* Supplied records
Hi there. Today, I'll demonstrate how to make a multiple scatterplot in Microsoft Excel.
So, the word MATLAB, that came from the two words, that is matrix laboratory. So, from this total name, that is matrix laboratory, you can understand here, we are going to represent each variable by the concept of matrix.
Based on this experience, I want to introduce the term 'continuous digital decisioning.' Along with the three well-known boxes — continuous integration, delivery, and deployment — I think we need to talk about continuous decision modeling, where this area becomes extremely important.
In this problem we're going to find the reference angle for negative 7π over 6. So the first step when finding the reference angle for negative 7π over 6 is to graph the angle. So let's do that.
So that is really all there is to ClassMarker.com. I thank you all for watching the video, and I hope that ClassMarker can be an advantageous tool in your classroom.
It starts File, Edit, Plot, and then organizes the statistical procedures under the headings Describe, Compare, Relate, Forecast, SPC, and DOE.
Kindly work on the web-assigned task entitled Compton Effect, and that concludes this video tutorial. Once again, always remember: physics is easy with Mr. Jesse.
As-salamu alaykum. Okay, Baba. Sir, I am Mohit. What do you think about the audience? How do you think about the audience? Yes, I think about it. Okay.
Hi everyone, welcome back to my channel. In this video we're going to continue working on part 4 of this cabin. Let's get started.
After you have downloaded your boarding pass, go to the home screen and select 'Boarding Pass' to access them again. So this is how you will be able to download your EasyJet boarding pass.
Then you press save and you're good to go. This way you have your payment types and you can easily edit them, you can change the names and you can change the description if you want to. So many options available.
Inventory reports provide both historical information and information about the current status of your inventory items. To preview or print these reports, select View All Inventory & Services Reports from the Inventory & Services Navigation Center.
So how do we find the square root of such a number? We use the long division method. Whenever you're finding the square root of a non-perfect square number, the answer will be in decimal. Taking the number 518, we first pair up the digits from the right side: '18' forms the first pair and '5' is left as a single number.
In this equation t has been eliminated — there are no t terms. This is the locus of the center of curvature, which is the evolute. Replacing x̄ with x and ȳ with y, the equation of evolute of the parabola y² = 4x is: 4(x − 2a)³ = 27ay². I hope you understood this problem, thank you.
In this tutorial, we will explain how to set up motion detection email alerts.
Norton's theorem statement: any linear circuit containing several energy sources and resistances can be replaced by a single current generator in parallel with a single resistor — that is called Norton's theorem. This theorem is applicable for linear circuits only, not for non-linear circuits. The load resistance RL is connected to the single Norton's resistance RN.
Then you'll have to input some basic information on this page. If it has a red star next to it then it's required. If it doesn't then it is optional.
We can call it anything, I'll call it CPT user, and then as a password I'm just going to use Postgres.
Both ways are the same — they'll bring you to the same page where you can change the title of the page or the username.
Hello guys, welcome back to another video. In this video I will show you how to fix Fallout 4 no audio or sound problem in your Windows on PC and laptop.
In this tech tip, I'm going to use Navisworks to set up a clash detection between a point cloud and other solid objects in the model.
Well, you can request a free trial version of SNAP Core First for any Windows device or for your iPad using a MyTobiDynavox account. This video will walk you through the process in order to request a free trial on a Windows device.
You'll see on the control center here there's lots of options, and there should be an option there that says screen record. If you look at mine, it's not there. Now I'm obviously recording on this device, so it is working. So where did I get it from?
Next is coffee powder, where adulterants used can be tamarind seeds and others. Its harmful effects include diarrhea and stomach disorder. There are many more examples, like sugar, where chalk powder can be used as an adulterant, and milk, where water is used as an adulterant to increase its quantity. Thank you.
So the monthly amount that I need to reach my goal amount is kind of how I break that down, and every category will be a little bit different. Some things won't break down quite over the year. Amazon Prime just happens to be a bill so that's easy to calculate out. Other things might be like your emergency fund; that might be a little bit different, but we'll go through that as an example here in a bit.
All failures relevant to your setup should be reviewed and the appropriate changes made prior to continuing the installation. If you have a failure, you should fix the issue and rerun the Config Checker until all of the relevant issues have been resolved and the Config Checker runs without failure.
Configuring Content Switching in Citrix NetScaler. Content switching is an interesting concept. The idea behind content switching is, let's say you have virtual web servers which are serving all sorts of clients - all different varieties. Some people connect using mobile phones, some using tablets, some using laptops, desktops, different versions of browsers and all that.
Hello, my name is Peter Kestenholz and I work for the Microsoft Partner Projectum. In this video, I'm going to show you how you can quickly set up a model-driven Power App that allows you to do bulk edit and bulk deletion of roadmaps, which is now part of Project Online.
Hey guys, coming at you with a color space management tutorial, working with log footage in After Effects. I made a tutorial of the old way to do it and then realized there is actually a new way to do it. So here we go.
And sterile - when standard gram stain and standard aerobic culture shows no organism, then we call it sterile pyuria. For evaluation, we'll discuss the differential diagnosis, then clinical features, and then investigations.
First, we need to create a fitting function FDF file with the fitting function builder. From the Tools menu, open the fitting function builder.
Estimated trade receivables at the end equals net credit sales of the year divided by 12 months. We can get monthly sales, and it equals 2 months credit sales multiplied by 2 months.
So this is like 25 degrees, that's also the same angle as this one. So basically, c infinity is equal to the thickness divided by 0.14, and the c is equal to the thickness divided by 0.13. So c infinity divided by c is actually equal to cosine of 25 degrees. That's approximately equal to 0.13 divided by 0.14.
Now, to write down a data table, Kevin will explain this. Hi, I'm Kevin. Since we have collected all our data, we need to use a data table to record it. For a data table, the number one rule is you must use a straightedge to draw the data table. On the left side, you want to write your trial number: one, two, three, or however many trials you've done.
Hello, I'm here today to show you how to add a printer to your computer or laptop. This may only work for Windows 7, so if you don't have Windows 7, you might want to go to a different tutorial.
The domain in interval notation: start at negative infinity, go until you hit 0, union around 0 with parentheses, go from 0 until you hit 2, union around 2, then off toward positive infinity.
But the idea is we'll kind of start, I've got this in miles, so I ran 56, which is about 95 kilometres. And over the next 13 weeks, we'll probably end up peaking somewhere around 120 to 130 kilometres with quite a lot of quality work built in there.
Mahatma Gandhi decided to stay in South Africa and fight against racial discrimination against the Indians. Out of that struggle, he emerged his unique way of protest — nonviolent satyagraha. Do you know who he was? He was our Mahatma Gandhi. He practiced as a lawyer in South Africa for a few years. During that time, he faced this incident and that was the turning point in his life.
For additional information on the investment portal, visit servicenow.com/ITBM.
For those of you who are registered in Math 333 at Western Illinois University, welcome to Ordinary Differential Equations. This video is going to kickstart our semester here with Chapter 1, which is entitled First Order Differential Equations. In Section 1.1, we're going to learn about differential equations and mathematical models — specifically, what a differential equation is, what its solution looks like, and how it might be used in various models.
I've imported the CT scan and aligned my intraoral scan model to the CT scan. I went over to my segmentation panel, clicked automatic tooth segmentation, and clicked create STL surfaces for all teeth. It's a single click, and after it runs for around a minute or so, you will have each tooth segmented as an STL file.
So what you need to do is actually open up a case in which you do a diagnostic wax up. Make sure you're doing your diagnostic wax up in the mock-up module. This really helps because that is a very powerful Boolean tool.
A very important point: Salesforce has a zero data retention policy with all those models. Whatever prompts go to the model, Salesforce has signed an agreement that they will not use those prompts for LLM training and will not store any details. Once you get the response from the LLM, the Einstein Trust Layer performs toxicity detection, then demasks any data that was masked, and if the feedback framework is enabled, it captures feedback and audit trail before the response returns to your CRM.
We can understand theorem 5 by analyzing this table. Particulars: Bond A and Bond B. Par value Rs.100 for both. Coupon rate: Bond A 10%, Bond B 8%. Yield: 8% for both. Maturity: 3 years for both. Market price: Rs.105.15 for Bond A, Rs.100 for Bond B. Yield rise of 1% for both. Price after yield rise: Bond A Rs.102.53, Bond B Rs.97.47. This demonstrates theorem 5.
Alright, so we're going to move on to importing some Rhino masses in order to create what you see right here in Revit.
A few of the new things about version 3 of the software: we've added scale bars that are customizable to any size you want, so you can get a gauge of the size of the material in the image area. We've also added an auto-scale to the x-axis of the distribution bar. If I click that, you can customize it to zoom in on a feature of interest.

* Exercise
Considering only the records above, state the number of lines that include the word "monthly", with nothing added.

* Result of this exercise
2